** Opening DATA PROVIDED block **
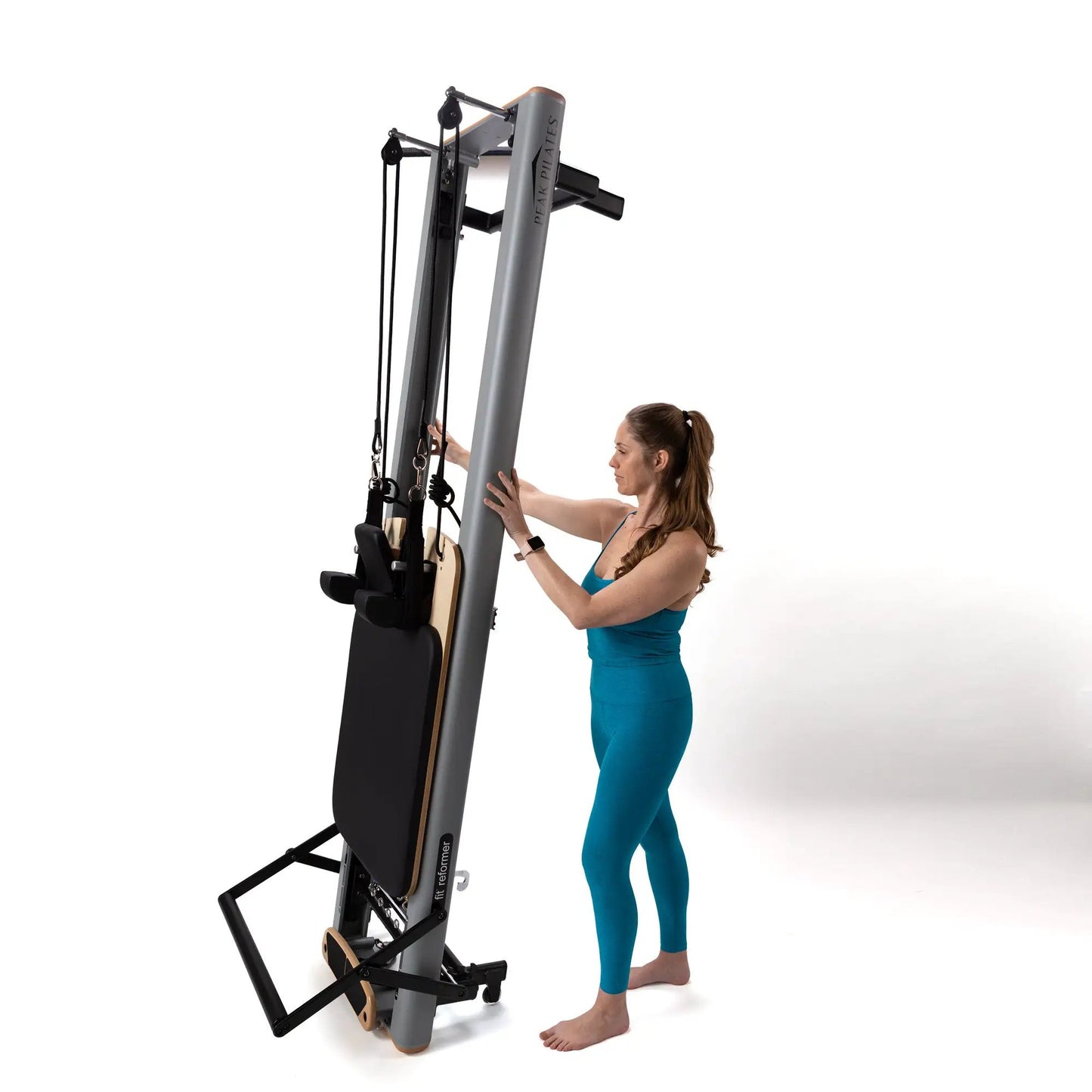 Peak Pilates Fit Reformer with Long & Short Box, gray frame and cables, user in teal on Tampa Home & Garden Store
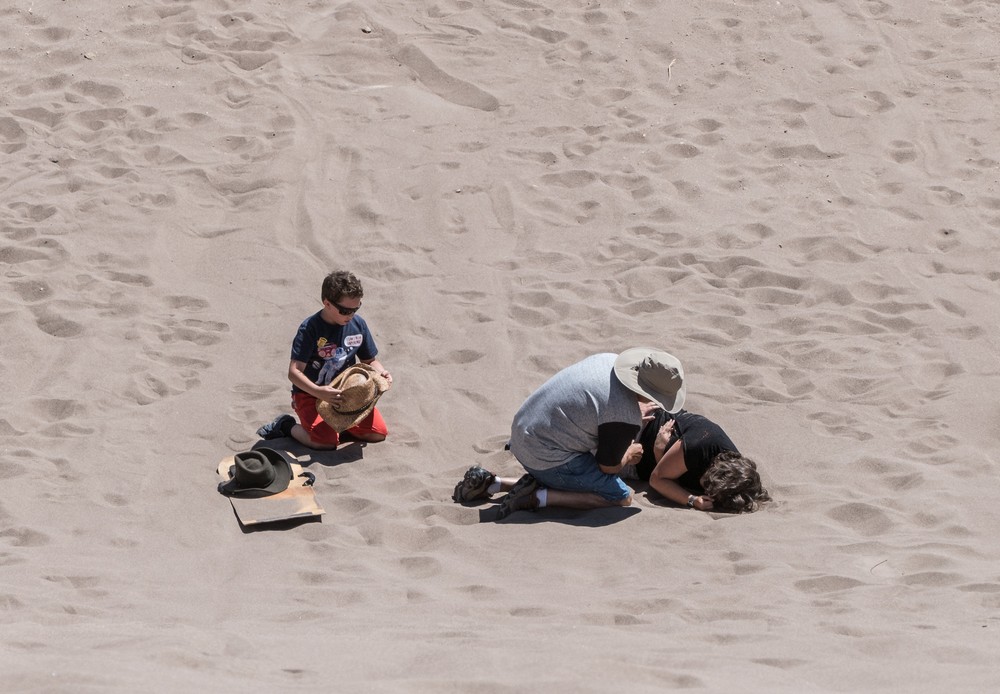 Miranda got hurt (temporarily) and Carl in checking on her while Matthew stands by.<br />Aug. 18, 2017 - Great Sand Dunes National Park, Colorado.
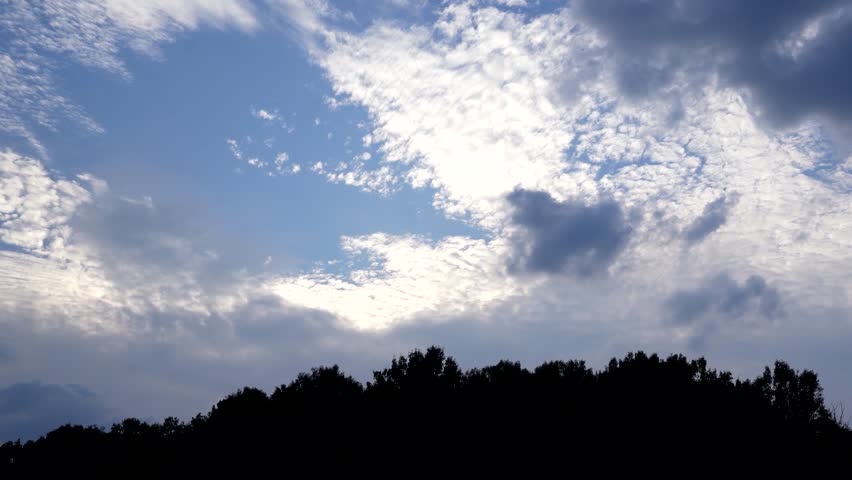 Scenic View of Mountains Under Clear Blue Sky with Fluffy Clouds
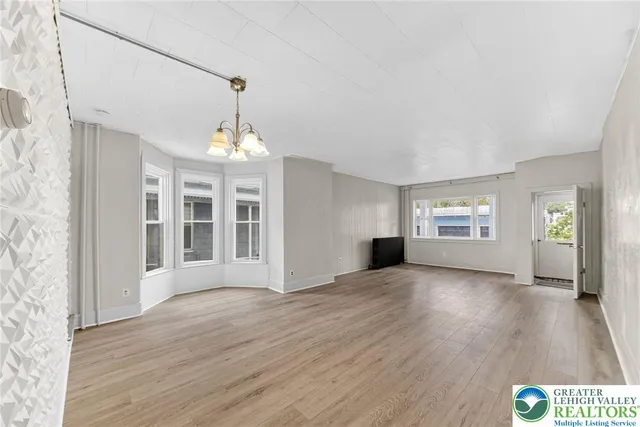 an empty room with wooden floor chandelier and windows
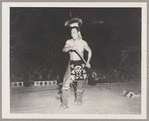 Tom Two Arrows performing before an audience in Asia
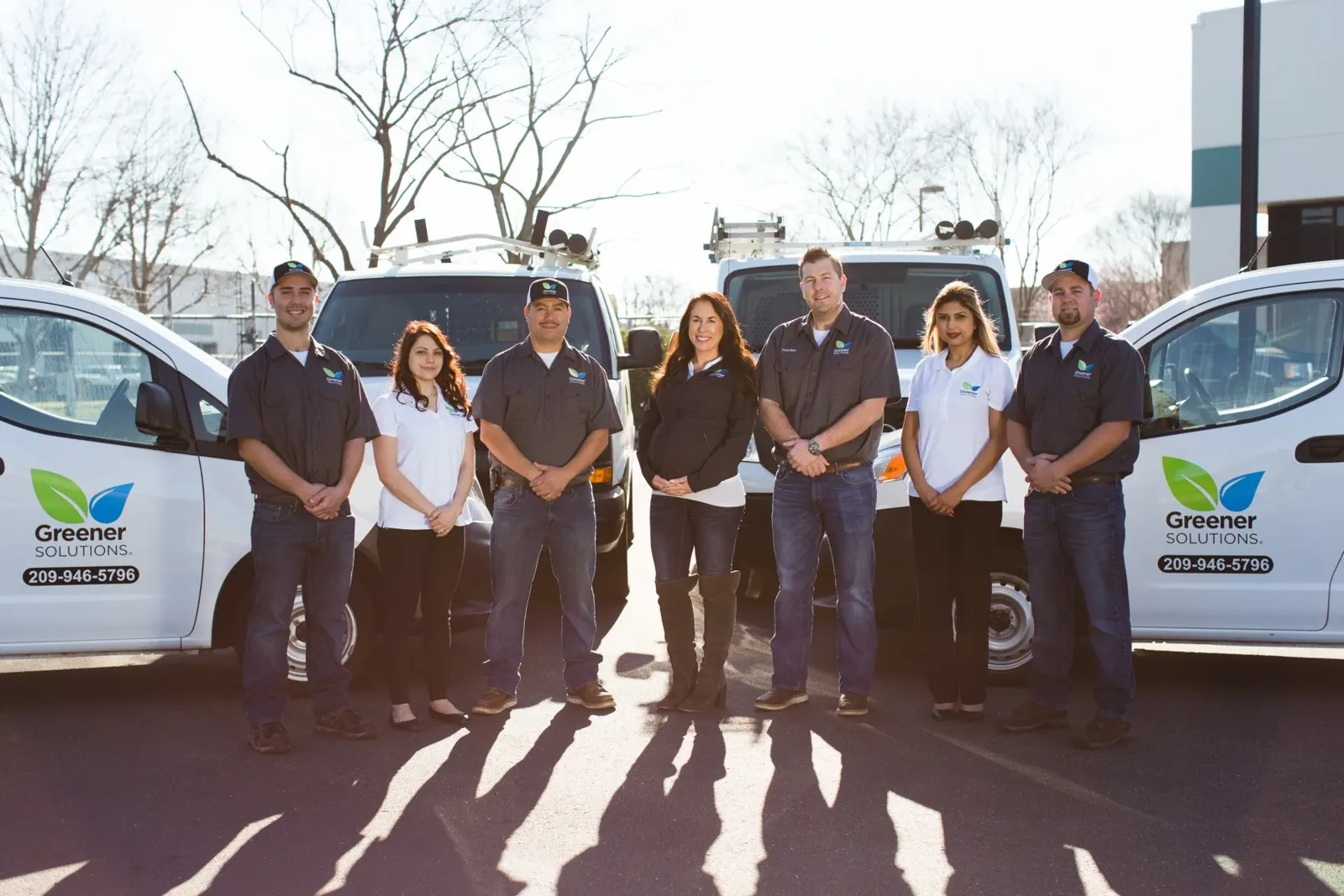 Greener Solutions technicians and office staff in front of the company service vans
** Closing DATA PROVIDED block **
### TO DO
Print the listing exactly. No pictures belong in the copy.

### RESPONSE TO THE EXERCISE
 Peak Pilates Fit Reformer with Long & Short Box, gray frame and cables, user in teal on Tampa Home & Garden Store
 Miranda got hurt (temporarily) and Carl in checking on her while Matthew stands by.<br />Aug. 18, 2017 - Great Sand Dunes National Park, Colorado.
 Scenic View of Mountains Under Clear Blue Sky with Fluffy Clouds
 an empty room with wooden floor chandelier and windows
 Tom Two Arrows performing before an audience in Asia
 Greener Solutions technicians and office staff in front of the company service vans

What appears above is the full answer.